### Records supplied

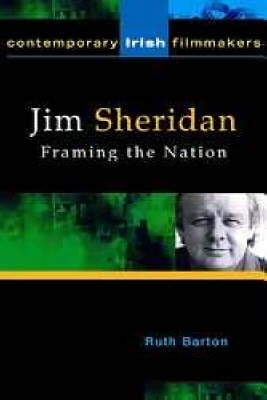 Jim Sheridan: Framing the Nation (Paperback)
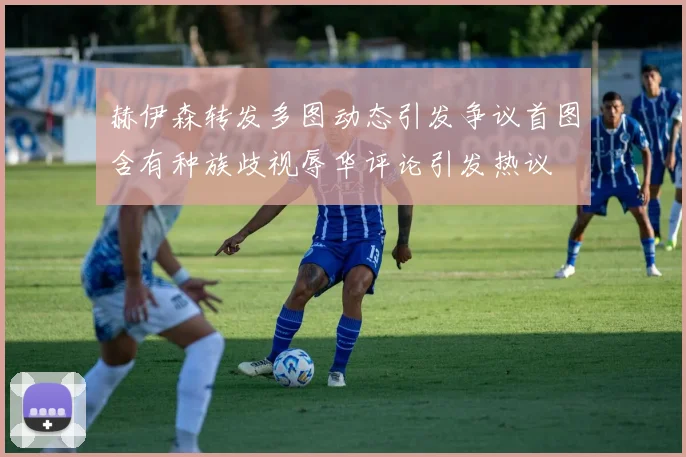 赫伊森转发多图动态引发争议首图含有种族歧视辱华评论引发热议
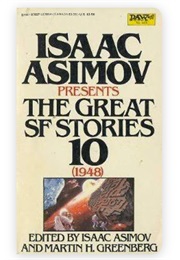 Isaac Asimov Presents the Great SF Stories 10: 1948 (Edited by Asimov & Greenberg)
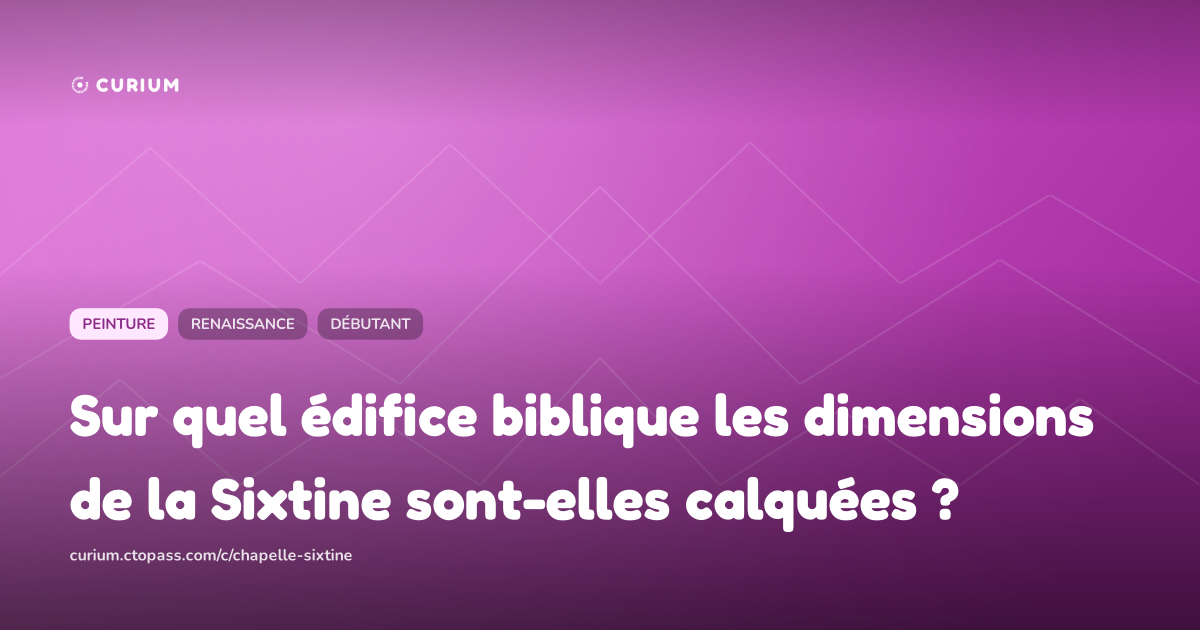 Sur quel édifice biblique les dimensions de la Sixtine sont-elles calquées ?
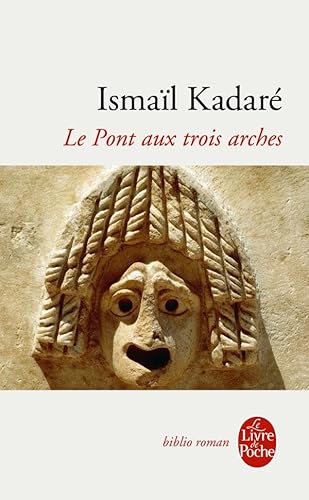 Le Pont aux trois arches - Kadaré, Ismail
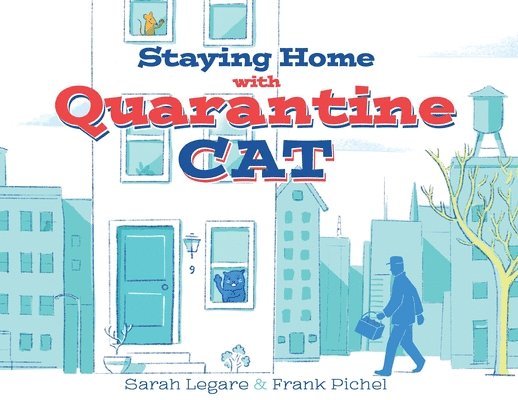 Staying Home with Quarantine Cat 1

######

* Assigned task *
Give the material above again exactly as it stands, minus any images.

* Task solution *
 Jim Sheridan: Framing the Nation (Paperback)
 赫伊森转发多图动态引发争议首图含有种族歧视辱华评论引发热议
 Isaac Asimov Presents the Great SF Stories 10: 1948 (Edited by Asimov & Greenberg)
 Sur quel édifice biblique les dimensions de la Sixtine sont-elles calquées ?
 Le Pont aux trois arches - Kadaré, Ismail
 Staying Home with Quarantine Cat 1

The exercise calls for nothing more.